The Papatango Playwriting Prize’s history is a short but illustrious one. Amid the cacophonous din of Awards and Prizes that whip up flurries of submissions every year, the Papatango’s alumni boasts a particularly high standard. Winners such as Dawn King and Dominic Mitchell have gone on to achieve bursaries, BAFTAs and beyond, and with this year’s number of entries climbing higher than ever, it was with exquisite anticipation that I awaited the arrival of Matt Grinter’s newly-crowned play, Orca.
And I must admit, it is a beautifully sculpted thing. Set in a fictional fishing village where each year a young girl is chosen to sail with the fishing boats and bless the waters – with violent consequences – Orca sets its sights on the horror of silent complicity. In a smooth ninety minutes, Grinter carefully constructs a world as soaked in myth and ritual as it is with salt water, and we are folded into its rhythms and expectations completely. Frankie Bradshaw’s beautifully barnacled design helps – this is the kind of production that you leave with salt on your tongue and sand inevitably in your shoes.
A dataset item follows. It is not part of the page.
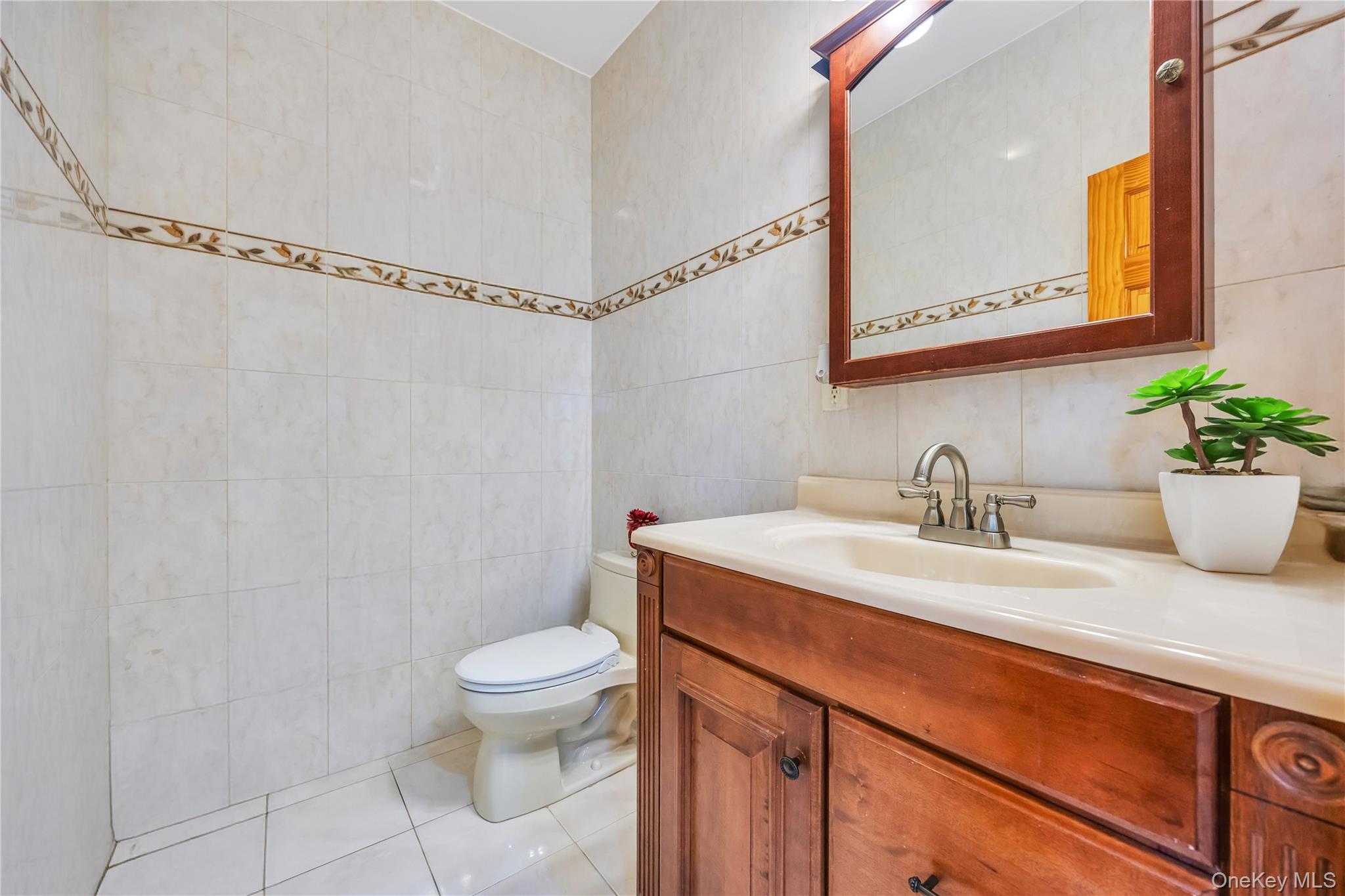 29 Grove Street, Hicksville, NY 11801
There are some excellent turns, particularly from the young girls entangled in the myth in question: Rona Morison gives a measured and dignified performance as Maggie, the older sister who has been out on those waters before, in turns tender and seething, broken and sharp, while Carla Langley’s Fan is the precise opposite, wide-eyed and sweet, bubbling over with tragic enthusiasm. As the silence comes close to deafening, it’s a joy to watch these two collide on stage in the throes of a violent, almost destructive kind of love.
Aden Gillett’s patriarch, known only as ‘The Father’, offers the malevolent mix of warmth and authority that harks back to the priests and TV hosts that abused their power and position with abandon, and more recently, to Donald Trump’s frightening brand of undisguised, undisputed threat. Silence is key to this threat, something Gillett and director Alice Hamilton know all too well. It’s in these silences that dread is cultivated, like a particularly stubborn weed.
And while the craft of Orca is a thing to be admired, there is a simplicity to the metaphor that disappoints. It’s a cruel thing to admit, but for an Irish Catholic like myself, the revelation that men in positions of authority will abuse their power and exploit the vulnerable is not new information. The revelation of what happens to young girls out on those black waters is nothing unexpected. The rumblings of the village, somewhere offstage, the same kind of mass ignorance that allowed the Catholic Church and BBC child sex abuse scandals to go as far as they did, that’s the more interesting story. For all the craft, the sea salt and the crashing waves, the most fascinating element of Orca’s story feels lost amid the silence.